Counting the line with "90后男歌手自曝整容经历！打瘦脸针导致面瘫，至今仍有心理阴影" as the last one, copy out the lines of the data exactly from the first onward.

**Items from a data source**
※ ※ ※

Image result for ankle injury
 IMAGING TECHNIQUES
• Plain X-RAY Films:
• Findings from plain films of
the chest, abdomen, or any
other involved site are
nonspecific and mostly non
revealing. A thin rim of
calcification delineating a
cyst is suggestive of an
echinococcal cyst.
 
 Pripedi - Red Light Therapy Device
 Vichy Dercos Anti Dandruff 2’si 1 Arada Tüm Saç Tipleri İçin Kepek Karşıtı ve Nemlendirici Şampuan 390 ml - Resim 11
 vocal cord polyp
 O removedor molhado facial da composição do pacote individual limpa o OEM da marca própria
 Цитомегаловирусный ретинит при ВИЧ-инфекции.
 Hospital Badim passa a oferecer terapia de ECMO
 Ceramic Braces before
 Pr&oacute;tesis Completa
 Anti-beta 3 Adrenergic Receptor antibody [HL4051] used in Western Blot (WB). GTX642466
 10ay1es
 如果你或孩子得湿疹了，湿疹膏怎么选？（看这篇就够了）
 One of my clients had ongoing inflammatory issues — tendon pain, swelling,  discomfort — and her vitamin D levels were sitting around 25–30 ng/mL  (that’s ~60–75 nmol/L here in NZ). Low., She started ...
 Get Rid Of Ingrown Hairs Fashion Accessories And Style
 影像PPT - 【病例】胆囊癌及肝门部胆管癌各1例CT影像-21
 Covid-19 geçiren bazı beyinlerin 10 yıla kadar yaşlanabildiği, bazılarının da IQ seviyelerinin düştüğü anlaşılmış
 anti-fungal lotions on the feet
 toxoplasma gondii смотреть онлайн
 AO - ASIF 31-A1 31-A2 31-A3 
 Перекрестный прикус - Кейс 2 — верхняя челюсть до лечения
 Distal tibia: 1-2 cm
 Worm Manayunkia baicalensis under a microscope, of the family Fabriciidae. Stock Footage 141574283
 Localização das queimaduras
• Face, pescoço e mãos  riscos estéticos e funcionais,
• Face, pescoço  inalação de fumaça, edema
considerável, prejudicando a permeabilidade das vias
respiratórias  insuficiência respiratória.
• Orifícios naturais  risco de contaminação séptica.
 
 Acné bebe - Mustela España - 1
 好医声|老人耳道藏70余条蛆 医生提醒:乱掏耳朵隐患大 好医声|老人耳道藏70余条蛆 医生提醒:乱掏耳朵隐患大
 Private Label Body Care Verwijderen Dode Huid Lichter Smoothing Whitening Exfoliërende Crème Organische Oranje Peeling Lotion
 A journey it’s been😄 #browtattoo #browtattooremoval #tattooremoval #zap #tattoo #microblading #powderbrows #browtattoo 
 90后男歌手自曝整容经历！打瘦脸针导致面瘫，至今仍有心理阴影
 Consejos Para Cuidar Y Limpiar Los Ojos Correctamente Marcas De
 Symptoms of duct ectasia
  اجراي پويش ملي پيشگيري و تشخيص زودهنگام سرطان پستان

※ ※ ※

**ANSWER BOX**
Image result for ankle injury
 IMAGING TECHNIQUES
• Plain X-RAY Films:
• Findings from plain films of
the chest, abdomen, or any
other involved site are
nonspecific and mostly non
revealing. A thin rim of
calcification delineating a
cyst is suggestive of an
echinococcal cyst.
 
 Pripedi - Red Light Therapy Device
 Vichy Dercos Anti Dandruff 2’si 1 Arada Tüm Saç Tipleri İçin Kepek Karşıtı ve Nemlendirici Şampuan 390 ml - Resim 11
 vocal cord polyp
 O removedor molhado facial da composição do pacote individual limpa o OEM da marca própria
 Цитомегаловирусный ретинит при ВИЧ-инфекции.
 Hospital Badim passa a oferecer terapia de ECMO
 Ceramic Braces before
 Pr&oacute;tesis Completa
 Anti-beta 3 Adrenergic Receptor antibody [HL4051] used in Western Blot (WB). GTX642466
 10ay1es
 如果你或孩子得湿疹了，湿疹膏怎么选？（看这篇就够了）
 One of my clients had ongoing inflammatory issues — tendon pain, swelling,  discomfort — and her vitamin D levels were sitting around 25–30 ng/mL  (that’s ~60–75 nmol/L here in NZ). Low., She started ...
 Get Rid Of Ingrown Hairs Fashion Accessories And Style
 影像PPT - 【病例】胆囊癌及肝门部胆管癌各1例CT影像-21
 Covid-19 geçiren bazı beyinlerin 10 yıla kadar yaşlanabildiği, bazılarının da IQ seviyelerinin düştüğü anlaşılmış
 anti-fungal lotions on the feet
 toxoplasma gondii смотреть онлайн
 AO - ASIF 31-A1 31-A2 31-A3 
 Перекрестный прикус - Кейс 2 — верхняя челюсть до лечения
 Distal tibia: 1-2 cm
 Worm Manayunkia baicalensis under a microscope, of the family Fabriciidae. Stock Footage 141574283
 Localização das queimaduras
• Face, pescoço e mãos  riscos estéticos e funcionais,
• Face, pescoço  inalação de fumaça, edema
considerável, prejudicando a permeabilidade das vias
respiratórias  insuficiência respiratória.
• Orifícios naturais  risco de contaminação séptica.
 
 Acné bebe - Mustela España - 1
 好医声|老人耳道藏70余条蛆 医生提醒:乱掏耳朵隐患大 好医声|老人耳道藏70余条蛆 医生提醒:乱掏耳朵隐患大
 Private Label Body Care Verwijderen Dode Huid Lichter Smoothing Whitening Exfoliërende Crème Organische Oranje Peeling Lotion
 A journey it’s been😄 #browtattoo #browtattooremoval #tattooremoval #zap #tattoo #microblading #powderbrows #browtattoo 
 90后男歌手自曝整容经历！打瘦脸针导致面瘫，至今仍有心理阴影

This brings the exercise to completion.